> _Activity_
In the material below, find the line with "Main picture of 17178 Mc Keever St" and the line with "A600390 Kids at Work Whittling Peeler", then output those two lines and every line between them, exactly.

> _Task data_
[Start of section]
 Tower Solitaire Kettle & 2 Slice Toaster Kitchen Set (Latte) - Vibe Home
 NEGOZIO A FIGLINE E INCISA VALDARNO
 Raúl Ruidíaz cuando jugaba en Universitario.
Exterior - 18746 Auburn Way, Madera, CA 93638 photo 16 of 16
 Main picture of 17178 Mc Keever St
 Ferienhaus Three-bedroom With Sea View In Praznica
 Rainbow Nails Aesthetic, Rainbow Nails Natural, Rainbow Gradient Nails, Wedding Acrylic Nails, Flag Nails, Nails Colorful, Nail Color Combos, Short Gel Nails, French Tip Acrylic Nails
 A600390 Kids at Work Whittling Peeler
[End of section]
[Start of section]
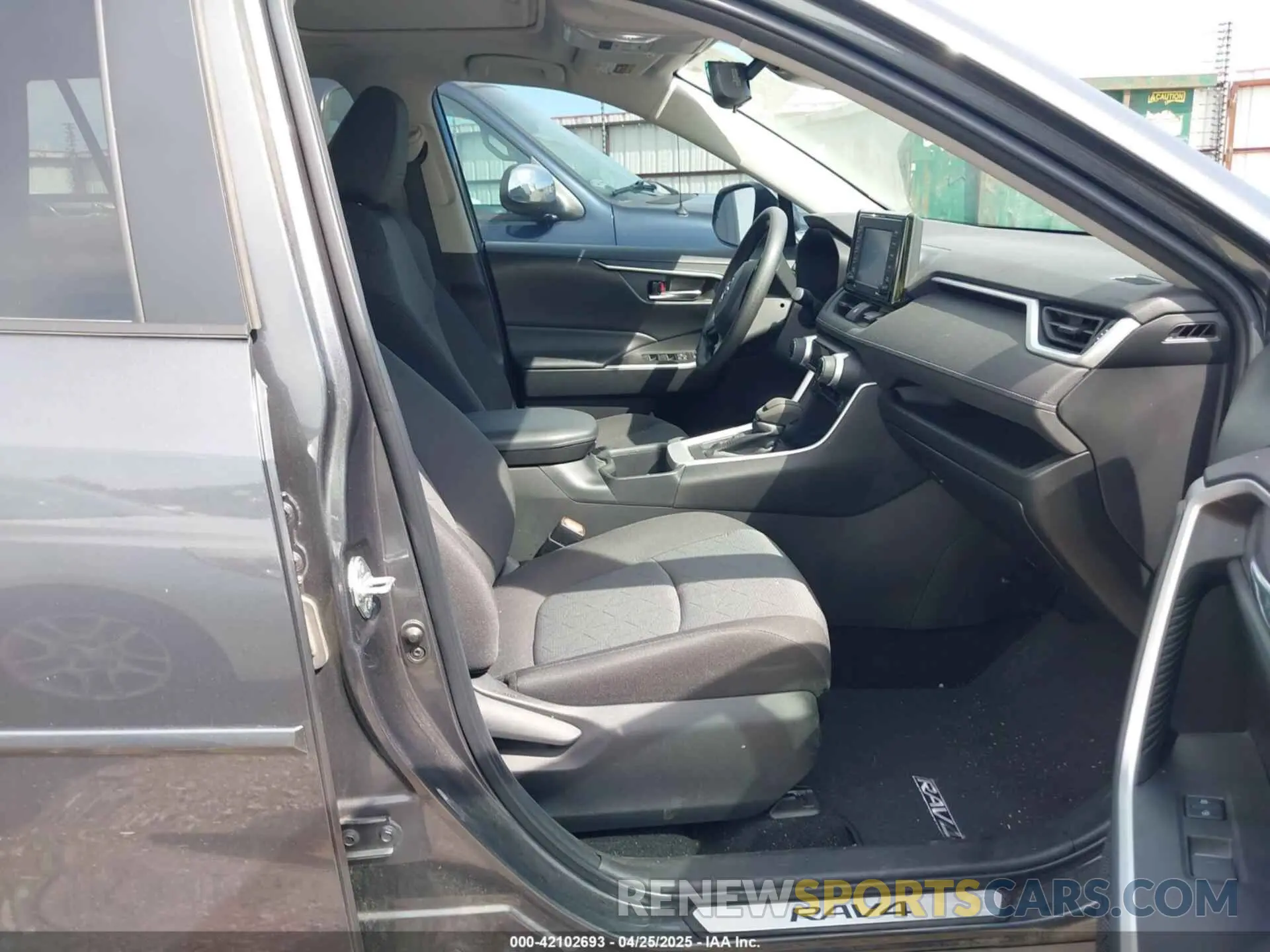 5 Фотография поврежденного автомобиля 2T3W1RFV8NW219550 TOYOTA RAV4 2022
[End of section]
> _Exercise result_
 Main picture of 17178 Mc Keever St
 Ferienhaus Three-bedroom With Sea View In Praznica
 Rainbow Nails Aesthetic, Rainbow Nails Natural, Rainbow Gradient Nails, Wedding Acrylic Nails, Flag Nails, Nails Colorful, Nail Color Combos, Short Gel Nails, French Tip Acrylic Nails
 A600390 Kids at Work Whittling Peeler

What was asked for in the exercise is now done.